My daughter has settled into nursery alarmingly quickly. When I went to pick her up for the first time she seemed very happy to see me and gave me a gratifyingly forceful hug. But I had seen her before she spotted me and she was clearly having a fantastic time.
It makes me wonder if we need to have made quite so much effort with her. I mean, why bother going out of your way to treat a child well if she is just as happy playing all day in a sand pit with people she has just met?
It is not as if she is ever grateful for the things we do for her. It is just constant criticism.
Two year-olds have their own way of dealing with things they don't like. They don't pretend food is lovely and then politely refuse seconds, they spit it down themselves as if you've tried to poison them. If they don't want their coat put on, rather than politely declining your help, they act like you are administering a high-voltage Tasering.

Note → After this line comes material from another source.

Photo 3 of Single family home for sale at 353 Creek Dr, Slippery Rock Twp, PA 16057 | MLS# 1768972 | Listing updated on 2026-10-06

So rather than worrying about whether we are doing enough to nurture our children, maybe it is time for a bit of calculated neglect. I have compiled a short checklist:
1)Provide food but take no interest in how much of it they eat
2)Only show affection if they show it first
3)If they throw a tantrum, remove any hazards and walk away
4)Don't bother trying to reason with them, it is a waste of time
5)Don't pretend to like Mr Men books. They are all rubbish, apart from Mr Tickle
It was this kind of thinking that hit me the other day at a wedding. My daughter was having a lovely time until it got to that point of the evening where toddlers should really be gone. My wife put her in a pushchair and she almost immediately fell asleep. We then wanted to head back to the dancefloor and neither wanted the job of watching a child sleep.

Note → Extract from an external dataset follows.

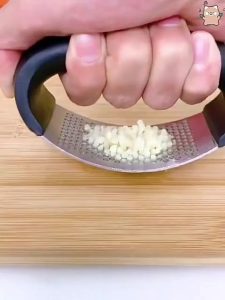 อุปกรณ์สำหรับบดกระเทียมแบบมือ อุปกรณ์บดกระเทียมสแตนเลสอุปกรณ์บดกระเทียมสำหรับใช้ในบ้าน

The venue was operating one of those nightclub-style rooms where you swap your coat for a raffle ticket that gives you a good chance of winning it back at the end of the night. The lady working there was lovely and I asked if she wouldn't mind me wheeling my child in. She happily accepted, even handing us a ticket (which didn't seem strictly necessary as no other children were being stored there, as far as I could tell). Then we were off, rejoining the party weighed down only by a tiny and rapidly fading sense of guilt.
Was this a bad thing to do? Should we have CRB-checked the coat-room lady and demanded references from previous cloakrooms she had worked in? You can only do so much to make sure your child is safe. You could try watching them every moment, but they would certainly never thank you for that. Besides, everyone needs a bit of a dance occasionally.